The façades of these courtyards are a mixture, both of colors, lights, and shapes, with mural paintings, mythological scenes, and floral motifs, which extend to the ceiling and sidewalls of the main staircase. For example, the entrance hall is wide and resembles an underwater cave, thanks to the light effects on the murals. And the wrought iron doors resemble cobwebs!
Included in the ticket to Casa Milà in Barcelona is a visit to an apartment located on the fourth floor, which belonged to a bourgeois family from the early 20th century. The interior decoration dates back to the original environment, displaying furniture and household items from that time.
On this floor, you can walk around and/or admire numerous bedrooms (including the children’s bedroom, the maid’s bedroom, and the couple’s bedroom), halls (such as the dining room and living room), two bathrooms, the kitchen, the office, and service and storage areas. Even more interesting to note are the many ornamental elements designed by Gaudí himself: knobs, drawer handles, magic eyes, door trims, etc.
The wavy plaster ceilings, along with the windows and doors very wood worked are other details that you won’t want to miss! Especially the hydraulic floor with hexagonal mosaics – that had been designed primarily for Casa Batlló and that was recreated to cover the Passeig de Gràcia sidewalk.
WARNING: The noble floor of Casa Milà in Barcelona – that is, the apartment where Pere Milà and Roser Segimón lived – is only open to the public for temporary exhibitions.
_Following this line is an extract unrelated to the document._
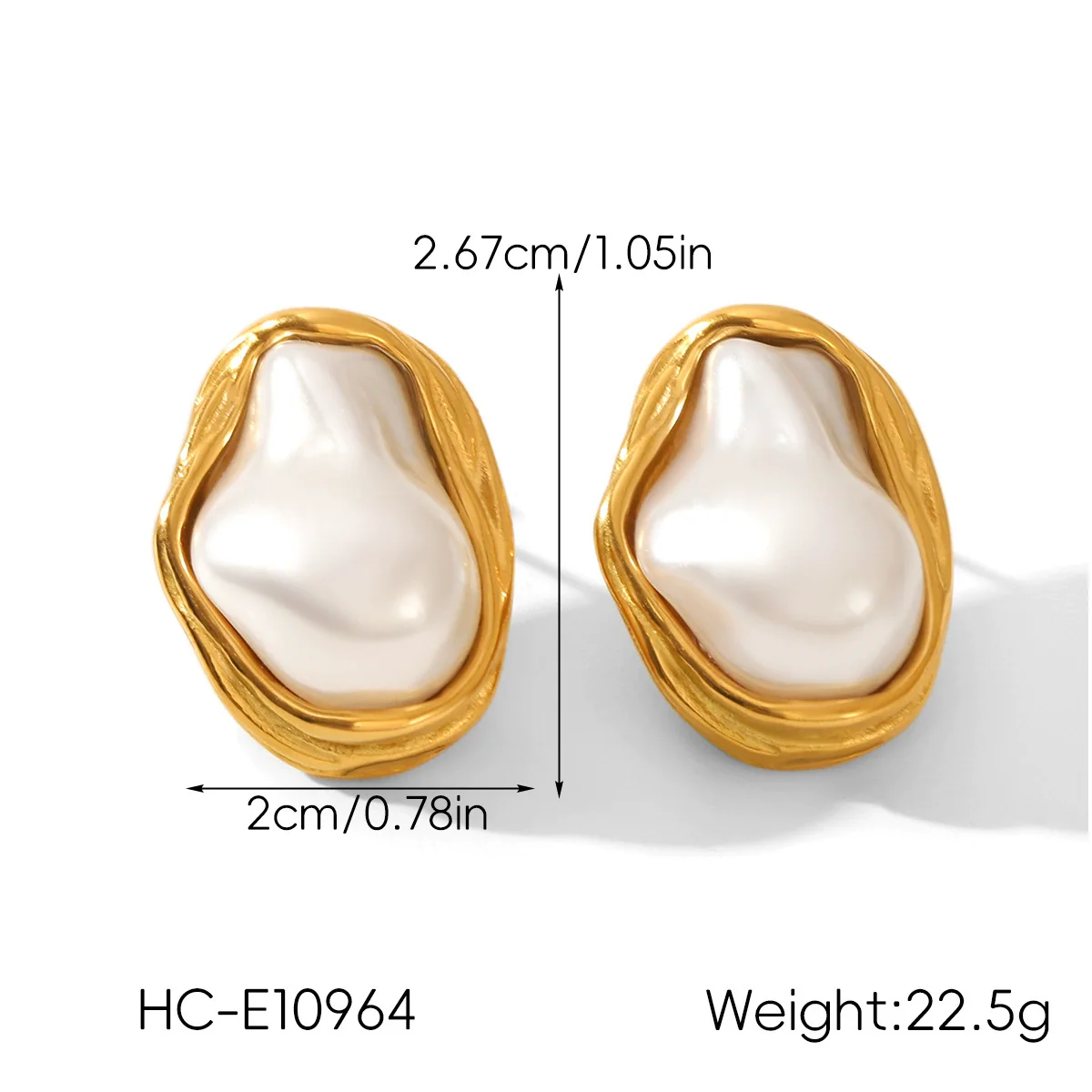 Wholesale Women's Retro Baroque Geometric Stainless Steel And Pearl Jewelry Necklaces And Earrings With Electroplating - Image 7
By chance, I got to see it on my first visit to Casa Milà in Barcelona (in 2016), but it was closed on my second visit (in 2021)!
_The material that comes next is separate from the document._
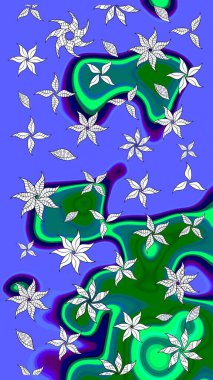 Mavi renkli çiçekler. Raster illüstrasyonunda çiçek deseni çizimi.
When the former bank Caixa Catalunya bought Casa Milà in Barcelona in the year 1986, it decided to restore it and install an exhibition space in the building’s attic. Therefore, the only permanent exhibition dedicated to the life and work of Antoni Gaudí appears, with models, plans, drawings, photographs, and videos.
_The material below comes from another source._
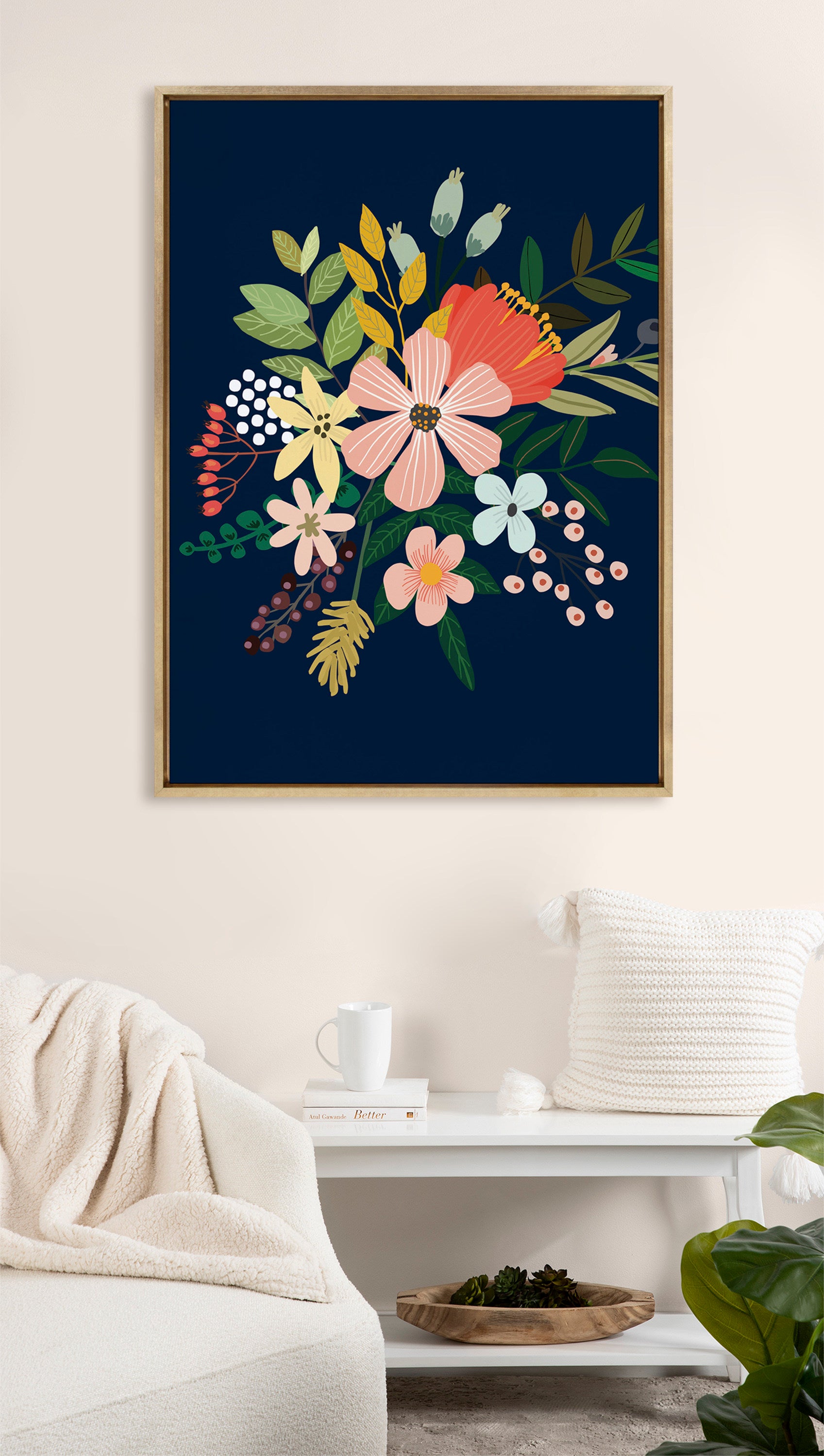 Sylvie Floralis C Framed Canvas by Mia Charro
It’s called Espai Gaudí and here it stands out, above all, a set of 270 parabolic (or catenary) arches of tabulated brick with different heights. The same type of arches can be seen in other works by Antoni Gaudí, such as the Casa Batlló or the unfinished Church of Colònia Güell.
Last but not least, as happens with its neighbor Casa Batlló (at number 43 of Passeig de Gràcia), Casa Milà‘s roof terrace (in Catalan, Azotea) is the most unusual and indescribable part of the entire building. This rooftop was a one-of-a-kind innovation of its time, due to its sinuous and fanciful shapes, imitating the main façade. And several elements punctuate the roof, such as “badalots” (i.e., stair exits), chimneys, and fans!
It’s incredible to admire the dedication that Gaudí put to each one, incorporating trencadís of ceramics, glass, marble, or stone, with the help of Jujol. In fact, this own decorative technique in the form of a mosaic that comes from the Catalan “trencat” (in English, “broken”) was widely used by both in their conceptions.